For the month of October and the Halloween season, I thought it would be fun to revisit some classic Old-Time Radio horrors. My friend and former podcast co-commentator, Jason, was up for it. We started with "The Thing on the Fourble Board."
For this our last episode of the season, I wanted us to return to Lights Out in the Arch Oboler era. "The Dark" aired (possibly, there is some disagreement) on January 19, 1938. In this story, a ambulance crew responds to a routine call and finds something decidedly nonroutine.
The episode as it aired is lost today, though it was remembered well enough to form the basis of a segment in The Simpsons "Treehouse of Horror V." This likely came from a truncated vignette that appeared on the Oboler's LP Drop Dead! An Exercise in Horror in 1962. That 7ish minutes version is on YouTube and elsewhere.

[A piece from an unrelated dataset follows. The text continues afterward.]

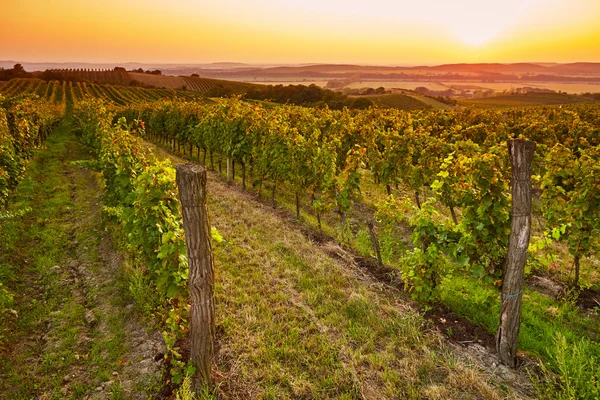Fält med vingårdar i solnedgången — Stockfoto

How could we listen to a lost episode? Well, a group did a recreation based on the existing script. If you want to see the actors actually doing the recording, that's on YouTube:
Trey: Jason, did this episode make you afraid of the dark? Or at least steer you away from a second career as an EMT?
Jason: I don't know that I am permanently scarred by the experience, but I was again surprised by the intensity of this program's fright factor, and just how outré such a mass media production managed to get in it's short run time.
Events were skewing fairly mundane, if horrific, until the climactic minutes, when all bets were off and no holds were barred in terms both of graphic (or should I say sonic?) violence and a sharp turn into the unexplainable so profoundly weird that it gives Lovecraft a run for his money.
I'm once again avoiding spoilers because the big reveal really must be heard to be believed.
My only criticism lies in the challenge of reviving a piece of media from a bygone era. The performances make an admirable attempt at reproducing period acting styles, which lends an air of goofiness a bit at odds with the tone of the events portrayed, until the bitter end when the viewpoint character is left alone to face existential terror.
But man, that last 5 minutes!
Trey: Yes, no slight to the recreation voice actors who do a great job, but I would like to hear the original crew because there would have been a "naturalism" for them in some of those lines and those performances.